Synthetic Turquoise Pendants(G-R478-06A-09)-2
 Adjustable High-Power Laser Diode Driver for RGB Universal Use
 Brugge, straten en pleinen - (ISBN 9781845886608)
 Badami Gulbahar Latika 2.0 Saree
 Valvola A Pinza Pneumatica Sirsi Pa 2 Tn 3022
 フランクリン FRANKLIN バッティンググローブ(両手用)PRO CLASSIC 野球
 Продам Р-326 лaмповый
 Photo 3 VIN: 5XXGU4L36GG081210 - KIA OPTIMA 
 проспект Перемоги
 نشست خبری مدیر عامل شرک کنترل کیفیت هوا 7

▸ **Problem to work on**
From the line with "Brugge, straten en" to the final line of the data above, please reproduce every line exactly and add nothing.

▸ **Written solution**
 Brugge, straten en pleinen - (ISBN 9781845886608)
 Badami Gulbahar Latika 2.0 Saree
 Valvola A Pinza Pneumatica Sirsi Pa 2 Tn 3022
 フランクリン FRANKLIN バッティンググローブ(両手用)PRO CLASSIC 野球
 Продам Р-326 лaмповый
 Photo 3 VIN: 5XXGU4L36GG081210 - KIA OPTIMA 
 проспект Перемоги
 نشست خبری مدیر عامل شرک کنترل کیفیت هوا 7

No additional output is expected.